The fall of the Southern Poverty Law Center

Matthew Hoy
By Matthew Hoy on December 7, 2016
The Southern Poverty Law Center is no longer a non-partisan civil rights organization.
The Southern Poverty Law Center is no longer a non-partisan civil rights organization.

Before I was born, the Southern Poverty Law Center was, along with the NAACP, a bastion of the civil rights movement. The organization has spent decades fighting racism, segregation and bigotry.

That period of the group's history is no more. The SPLC has moved on from its noble beginnings to a new era where it is nothing more than another left wing propaganda group creating various bogeymen on a regular basis in order to increase its fundraising haul.

In recent years, the SPLC has added groups that sought to maintain the millennia-old definition that marriage was an institution consisting of one man and one woman to its hate-watch lists. While they find it easy to add groups like the Family Research Council and the National Organization for Marriage to their lists, they neglect to add many mainstream Christian organizations that hold the same views—the Catholic Church, the vast majority of Christian denominations, all Muslim groups and mosques—to their lists.

That would give away the game.

The reason I bring this up is that the local paper, the San Luis Obispo Tribune, has cited the SPLC as one of those groups you should consult when identifying "hate speech."

Once upon a time I would've agreed, but no more.

In fact, just days after the local paper cited the SPLC as a go-to source, the New York Post reported that the group's recent non-scientific report on "The Trump Effect: The Impact of the 2016 Presidential Election on Our Nation's Schools" failed to report that about 20 percent of respondents reported anti-white slurs.

But the SPLC didn’t present the whole story. The Montgomery, Ala.-based nonprofit self-censored results from a key question it asked educators — whether they agree or disagree with the following statement: “I have heard derogatory language or slurs about white students.”

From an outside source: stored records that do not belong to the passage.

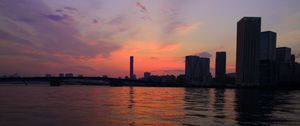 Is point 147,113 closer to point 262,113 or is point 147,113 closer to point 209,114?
point 209,114

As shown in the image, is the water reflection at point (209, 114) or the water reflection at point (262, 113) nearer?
the water reflection at point (209, 114)

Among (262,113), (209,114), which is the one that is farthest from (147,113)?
(262,113)

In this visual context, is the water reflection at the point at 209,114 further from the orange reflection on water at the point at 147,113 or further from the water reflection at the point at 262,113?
the water reflection at the point at 262,113

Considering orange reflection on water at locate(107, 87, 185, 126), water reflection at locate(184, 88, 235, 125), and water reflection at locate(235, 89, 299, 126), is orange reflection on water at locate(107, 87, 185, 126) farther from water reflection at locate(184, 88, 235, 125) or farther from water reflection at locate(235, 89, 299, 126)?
water reflection at locate(235, 89, 299, 126)

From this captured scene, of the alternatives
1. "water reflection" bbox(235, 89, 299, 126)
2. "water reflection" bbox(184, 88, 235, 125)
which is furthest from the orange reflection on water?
"water reflection" bbox(235, 89, 299, 126)

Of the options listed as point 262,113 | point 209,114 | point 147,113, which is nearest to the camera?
point 209,114

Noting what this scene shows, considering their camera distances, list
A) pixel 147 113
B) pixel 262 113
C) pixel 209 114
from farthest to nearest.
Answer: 1. pixel 262 113
2. pixel 147 113
3. pixel 209 114

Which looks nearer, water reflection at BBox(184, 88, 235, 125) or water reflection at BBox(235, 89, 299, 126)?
water reflection at BBox(184, 88, 235, 125)

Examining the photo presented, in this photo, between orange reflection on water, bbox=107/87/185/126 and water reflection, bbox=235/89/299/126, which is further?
water reflection, bbox=235/89/299/126

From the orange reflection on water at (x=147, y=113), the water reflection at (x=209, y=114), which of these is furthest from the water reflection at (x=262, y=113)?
the orange reflection on water at (x=147, y=113)

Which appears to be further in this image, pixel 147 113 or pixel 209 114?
pixel 147 113

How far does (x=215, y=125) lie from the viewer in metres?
38.1

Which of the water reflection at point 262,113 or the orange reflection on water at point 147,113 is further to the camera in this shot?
the water reflection at point 262,113

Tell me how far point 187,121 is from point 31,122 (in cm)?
1689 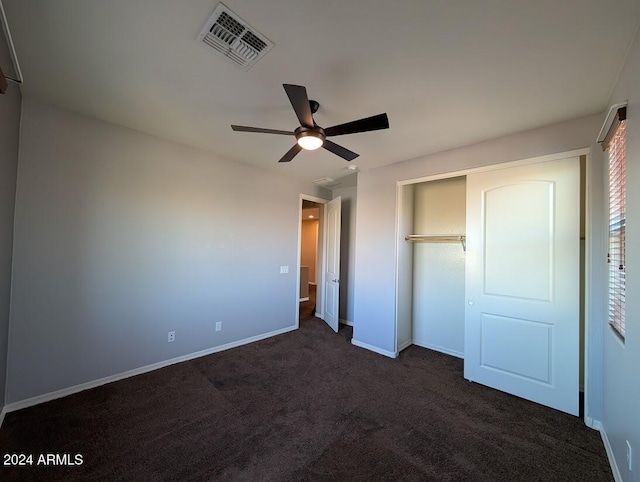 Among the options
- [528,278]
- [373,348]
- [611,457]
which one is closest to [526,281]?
[528,278]

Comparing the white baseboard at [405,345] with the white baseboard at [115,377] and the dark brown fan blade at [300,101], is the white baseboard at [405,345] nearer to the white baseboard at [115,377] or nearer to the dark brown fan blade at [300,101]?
the white baseboard at [115,377]

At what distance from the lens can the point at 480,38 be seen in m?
1.49

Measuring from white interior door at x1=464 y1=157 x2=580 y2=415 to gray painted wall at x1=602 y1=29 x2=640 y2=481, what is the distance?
658 mm

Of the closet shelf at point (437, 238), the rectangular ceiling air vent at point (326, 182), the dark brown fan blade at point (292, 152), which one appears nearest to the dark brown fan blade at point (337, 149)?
the dark brown fan blade at point (292, 152)

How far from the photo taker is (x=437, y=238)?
3604 millimetres

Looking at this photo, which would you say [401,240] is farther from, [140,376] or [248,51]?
[140,376]

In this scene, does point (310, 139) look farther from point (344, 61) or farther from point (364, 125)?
point (344, 61)

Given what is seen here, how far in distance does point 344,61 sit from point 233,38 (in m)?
0.69

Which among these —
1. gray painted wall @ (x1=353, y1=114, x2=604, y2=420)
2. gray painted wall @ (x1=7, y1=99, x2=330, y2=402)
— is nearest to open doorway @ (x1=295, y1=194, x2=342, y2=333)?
gray painted wall @ (x1=353, y1=114, x2=604, y2=420)

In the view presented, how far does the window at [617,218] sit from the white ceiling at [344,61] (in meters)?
0.39

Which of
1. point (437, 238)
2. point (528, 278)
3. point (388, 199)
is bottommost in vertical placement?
point (528, 278)

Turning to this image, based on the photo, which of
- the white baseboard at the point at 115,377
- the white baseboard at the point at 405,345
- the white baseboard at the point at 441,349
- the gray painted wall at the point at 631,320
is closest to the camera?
the gray painted wall at the point at 631,320

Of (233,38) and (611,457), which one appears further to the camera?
(611,457)

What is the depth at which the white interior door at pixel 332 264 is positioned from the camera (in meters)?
4.47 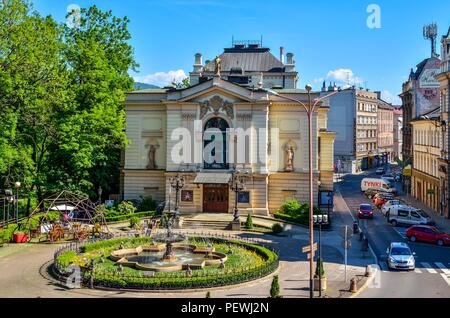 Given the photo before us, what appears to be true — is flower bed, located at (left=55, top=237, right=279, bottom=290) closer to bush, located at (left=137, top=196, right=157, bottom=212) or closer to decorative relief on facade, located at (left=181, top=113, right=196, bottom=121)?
bush, located at (left=137, top=196, right=157, bottom=212)

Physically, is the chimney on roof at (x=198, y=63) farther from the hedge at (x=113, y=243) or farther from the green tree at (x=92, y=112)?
the hedge at (x=113, y=243)

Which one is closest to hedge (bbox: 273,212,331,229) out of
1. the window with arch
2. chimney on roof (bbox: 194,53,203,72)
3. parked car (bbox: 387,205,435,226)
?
parked car (bbox: 387,205,435,226)

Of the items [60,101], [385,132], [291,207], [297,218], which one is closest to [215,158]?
[291,207]

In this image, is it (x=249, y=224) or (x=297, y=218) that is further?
(x=297, y=218)

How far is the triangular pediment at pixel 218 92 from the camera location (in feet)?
179

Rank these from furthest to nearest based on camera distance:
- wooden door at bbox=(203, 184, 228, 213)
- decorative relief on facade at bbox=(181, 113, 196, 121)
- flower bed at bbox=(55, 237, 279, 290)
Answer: decorative relief on facade at bbox=(181, 113, 196, 121), wooden door at bbox=(203, 184, 228, 213), flower bed at bbox=(55, 237, 279, 290)

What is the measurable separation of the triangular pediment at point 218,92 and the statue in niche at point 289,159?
6.65 metres

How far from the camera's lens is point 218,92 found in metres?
54.8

Asked last week to provide the data, SPLC initially said it was having a hard time getting the information “from the researchers.” Pressed, SPLC spokeswoman Kirsten Bokenkamp finally revealed that “about 20 percent answered affirmatively to that question.”

Bokenkamp did not provide an explanation for the absence of such a substantial metric — at least 2,000 bias-related incidents against white students — from the report, which focuses instead on “anti-immigrant sentiment,” “anti-Muslim sentiment” and “slurs about students of color” related to the election.

Anyone with half a brain and an understanding of what the SPLC has turned into knows the answer to that. It's an answer that affects a lot of the community of narrative journalists as well.

Anti-white slurs and "bias incidents" don't fit the narrative that the 2016 election was a "white"-wash and a result of a rising tide of neo-nazism, KKK, and white bigotry across the nation as a whole.

The SPLC also released data on self-reported hate crimes that it made no effort to check. I've no doubt that a not insubstantial number of those reports will also turn out to be fabricated.